I'm not sure about "minus most three byte instructions" - the instructions are there but the length is different. I think perhaps two interesting things happen:
- detecting short addresses to choose zero page versus absolute will always choose zero page
- so some of the absolute forms never get used. So they need not be implemented, which does leave room for alternate opcodes
I think you're probably right that memory referencing instructions that have both zero page and absolute forms will always 'naturally' resolve to two byte zero page forms if an assembler is told that zero page spans 4GB. Which is quite a minimal change to make, actually.
As you also point out, that won't work for JSR or JMP. They really do have to change from emitting three bytes to just two, as would any other absolute instruction without an equivalent zero page form (no examples of which come immediately to mind). From a macro implementation point of view it's just changing
Code: Select all
JSR .macro ?addr
.byte $20
.byte <(?addr)
.byte >(?addr)
.endm
to
Code: Select all
JSR .macro ?addr
.byte $20
.byte ?addr
.endm
Since there aren't that many instructions affected, it's possible one version or the other could even be conditionally defined within one source file. A native version wouldn't be much harder than that, either.
The one less memory fetch would make them faster, wouldn't it?
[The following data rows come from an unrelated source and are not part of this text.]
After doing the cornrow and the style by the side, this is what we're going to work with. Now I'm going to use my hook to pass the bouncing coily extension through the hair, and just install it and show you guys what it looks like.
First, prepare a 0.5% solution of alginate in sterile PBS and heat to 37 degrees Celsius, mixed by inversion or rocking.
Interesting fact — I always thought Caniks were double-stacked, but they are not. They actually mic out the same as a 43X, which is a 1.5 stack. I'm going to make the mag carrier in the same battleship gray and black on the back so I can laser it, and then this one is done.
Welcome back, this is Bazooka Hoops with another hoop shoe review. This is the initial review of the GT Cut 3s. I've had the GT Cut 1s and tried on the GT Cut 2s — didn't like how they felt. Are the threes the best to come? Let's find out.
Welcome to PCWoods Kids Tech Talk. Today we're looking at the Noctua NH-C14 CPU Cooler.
One concern: bit shifting up to 32 bits becomes quite cumbersome with only single-bit shift instructions, and because there are no 8 bit units (octets), you can't take any shortcuts by shifting per octet either.
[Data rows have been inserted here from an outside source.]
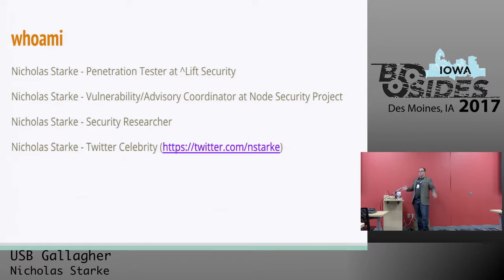I'm also a security researcher in my spare time. I do it a lot just for fun, for breaking stuff. And I'm also a minor Twitter celebrity with about 250 followers. So if you want to follow me, make it 251 — it'd be great.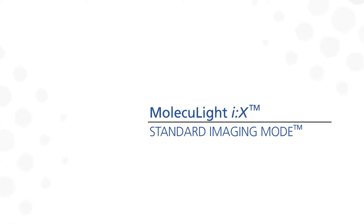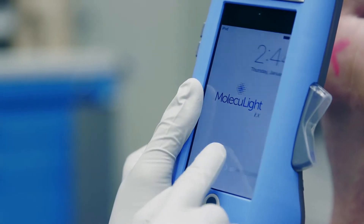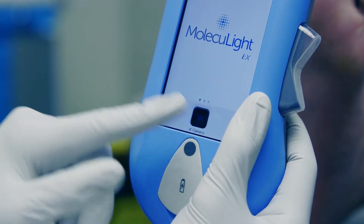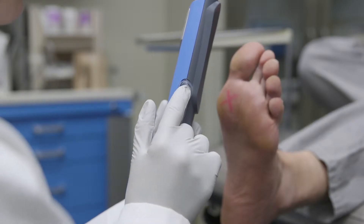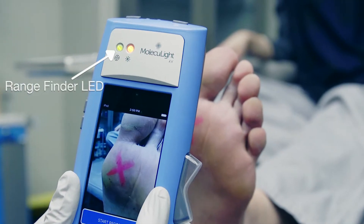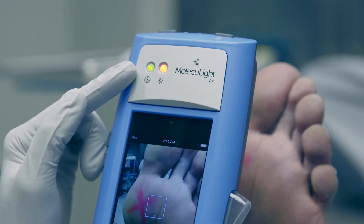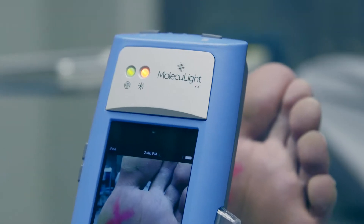Beginning with a standard light image, first press the home button to turn on the display screen. Then slide the slider and select the iX camera app. Ensure the rocker switch is in standard mode by toggling the rocker switch up. Then watch the rangefinder LED as you move the device to and from the wound. You'll see it change from amber — meaning the device is too far or too close to the target — to green. When the rangefinder LED is green, you're at the correct distance to take the photograph.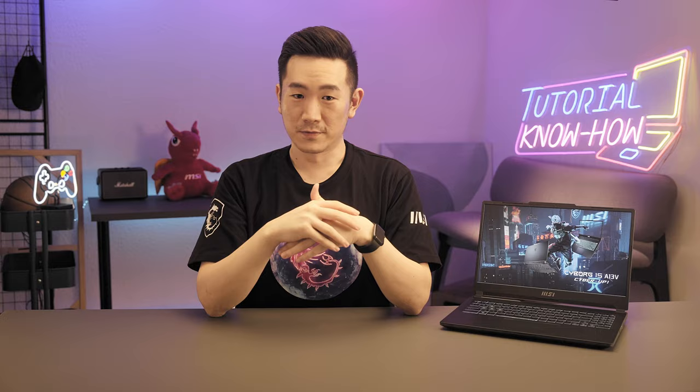I hope this video helps you understand more about the brand new MSI Cyborg 15. Thank you for watching, and see you in the next episode.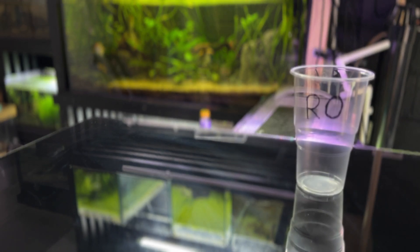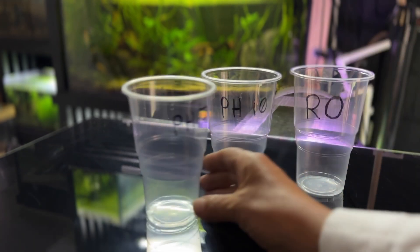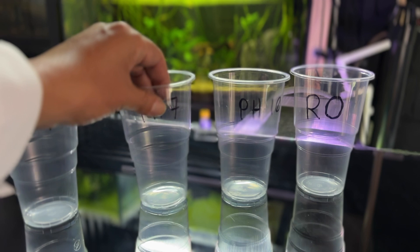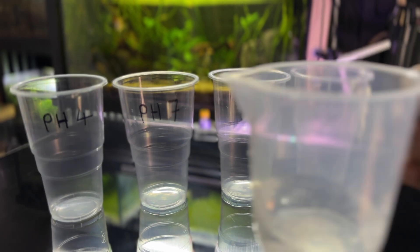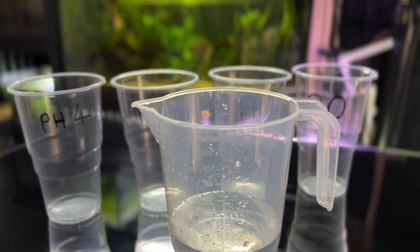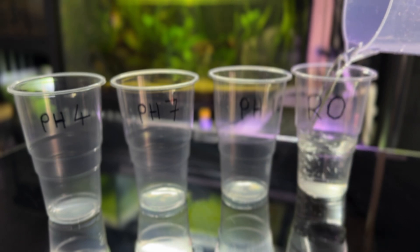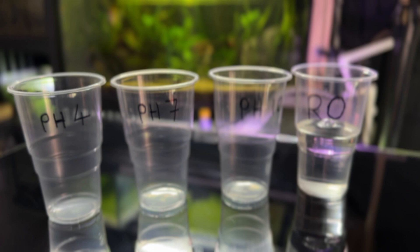First up we'll get some cups out of raw water — that's the sample for pH 10, pH 7, and pH 4. We need 250 ml in each one. I'm using RO water instead of distilled water; it does say to use distilled.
So, it seems an extension for a barrel shift instruction would be quite useful, slowing down the core by quite a bit (although you could make it a N-clock cycle instruction)
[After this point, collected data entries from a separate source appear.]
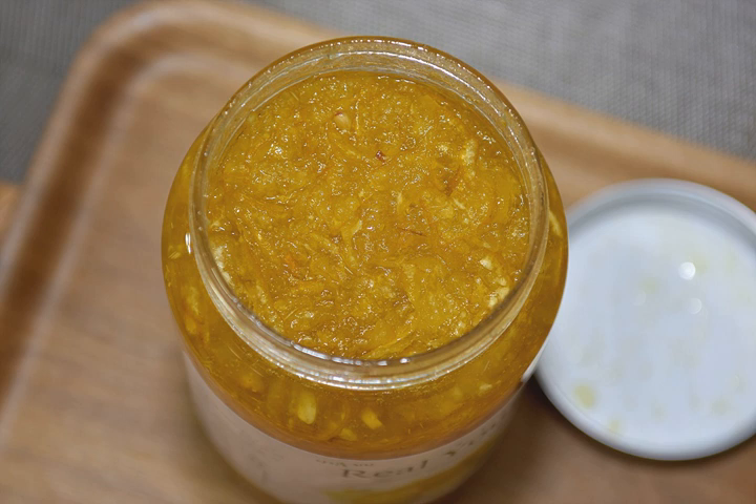Yuha chong, also called yuha marmalade, is a marmalade-like chong made by sugaring yuha. It is used as a tea base for yuha cha, as a honey or sugar substitute in cooking, and as a condiment.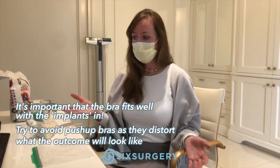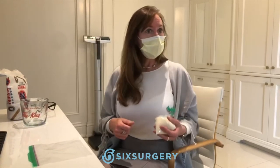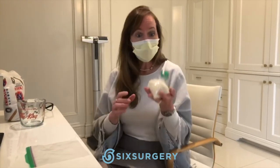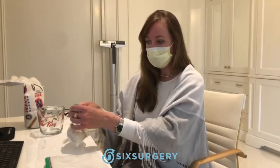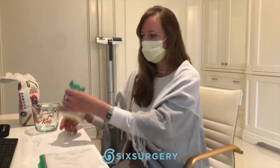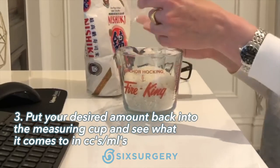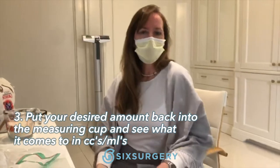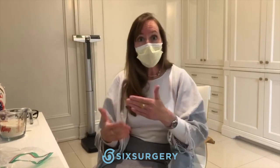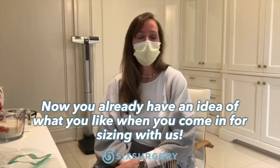Wear a bra that you'd like to be able to wear. Put the rice bag inside, put on your shirt, walk around the house, do your laundry — do whatever you want with it. When you've decided how much you like, because you might add more or less rice, put it back into the Pyrex measuring cup. You might find that about 300 cc gives you the look you want. Then when you come in, we can go to the cupboard with that input, so the more you know what you want, the happier you're going to be.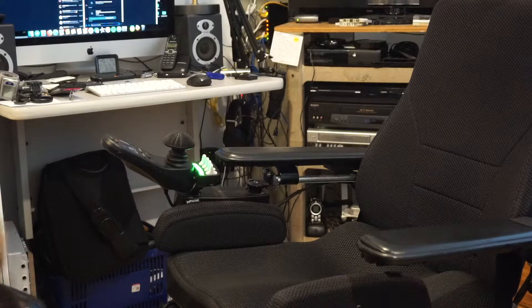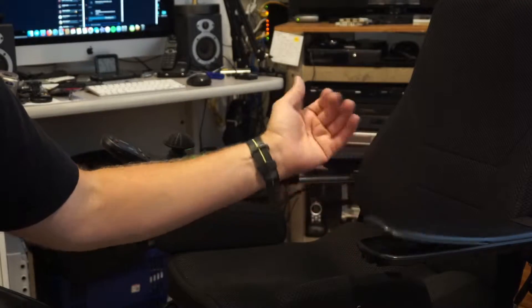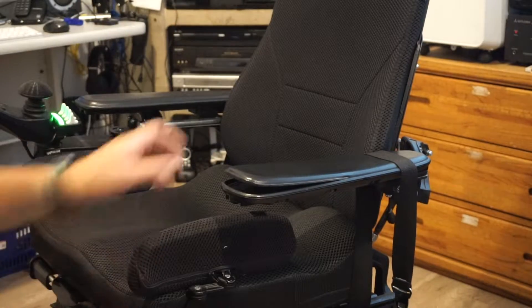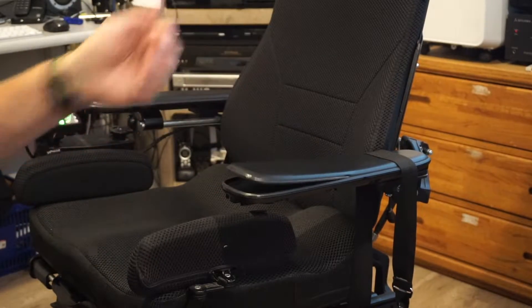Also, I'm going to show how to adjust the height and the width of the armrests. And then as one final thing, I'm going to show you how to repair these armrests when they start coming apart and going all Pee Wee Herman talking ottoman on you.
I'm glad to see others are thinking about what a nuisance having only single-bit shifts might be. Not being a hardware guy, I don't know much about what the solution might be. I don't quite see why there can't be instructions that shift by eight or 16 bits at a time either, since these are natural sizes that come up quite often regardless of how many bits are in the accumulator (for example, ASCII and Unicode character codes).
One thought regarding speed, though. Is it really such a problem? I've been told that actual sustained reading speeds of DDR2 memory chips and the like are closer to 50Mhz than the 800MHz (or whatever) burst speeds they are capable of. That would seem to match what Ed's tests are showing pretty well. Much faster and the problems of matching a faster CPU with a slower memory are going to become more prominent.
Or am I totally off base here?
Oh, and one other thought: if there was an N-clock shift instruction, how would that affect interrupt latency? Or would it be interruptible, not atomic? I suppose from a programming point of view I'd care most only if I was trying to interface hardware of some kind, but I'm kind of curious anyway. I suppose the same question could be asked about a multiply or divide instruction, actually, unless they could be done in 6 cycles or less (unlikely without a lot of additional circuitry, I suspect).